» Raw data:

--- START ---

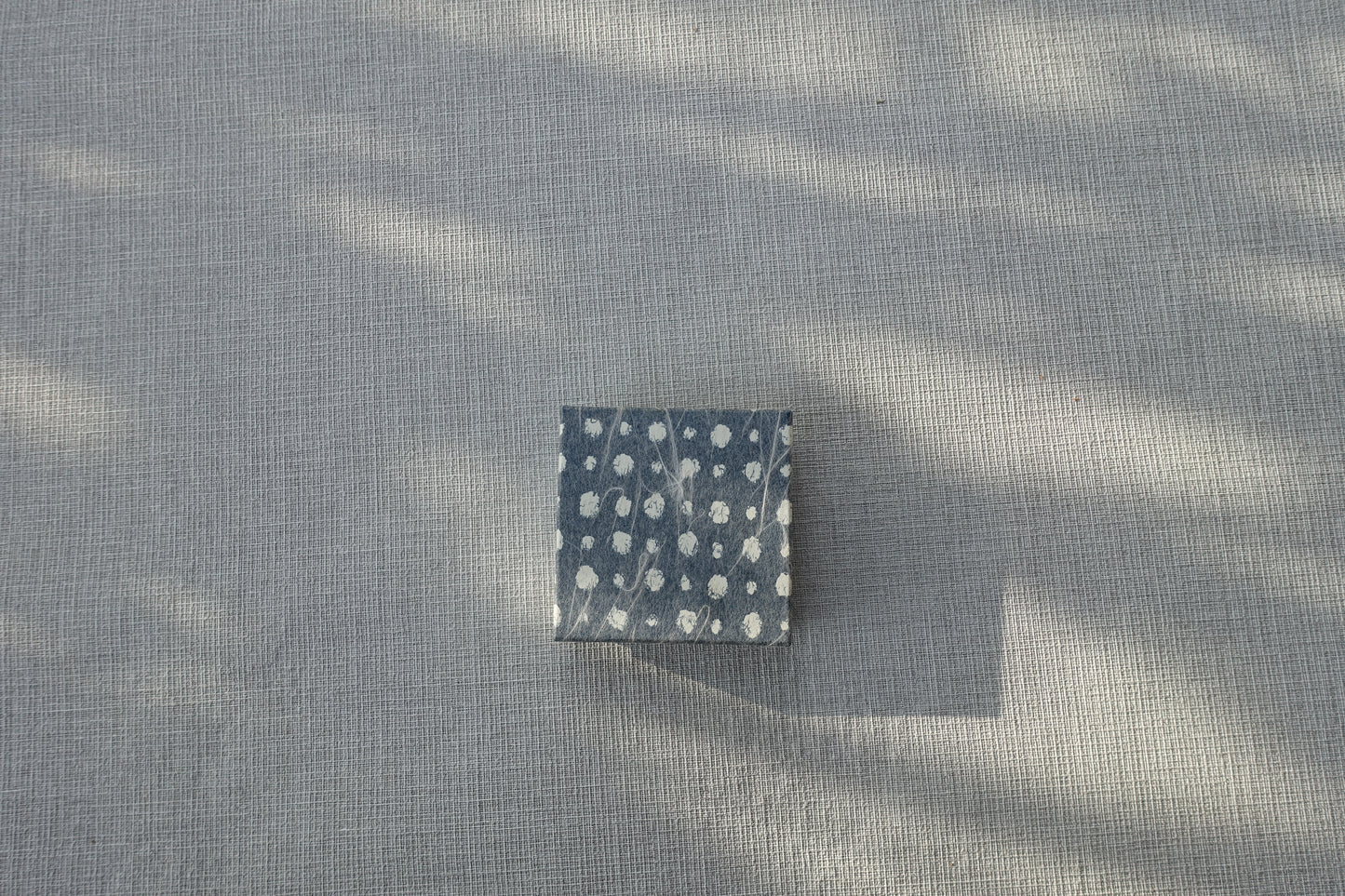 verre objet ”torus"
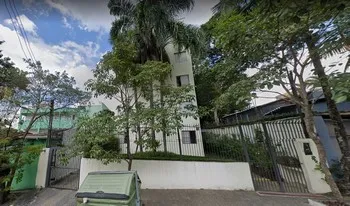 Condomínio Krulik em São Paulo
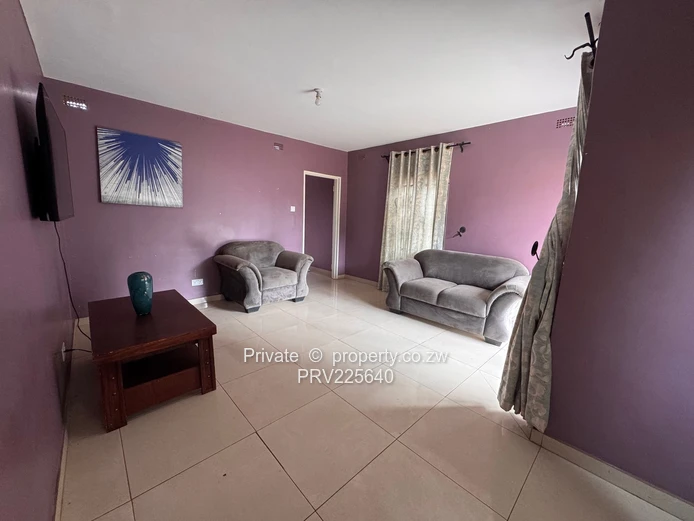 Neat 4 bedroomed cottage to rent in Pomona (Sole Mandate)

--- END ---

» Problem description: Exclude all pictures and return precisely the lines from the one containing "Condomínio Krulik em São Paulo" through the closing line of the data.

» Output of the exercise:
 Condomínio Krulik em São Paulo
 Neat 4 bedroomed cottage to rent in Pomona (Sole Mandate)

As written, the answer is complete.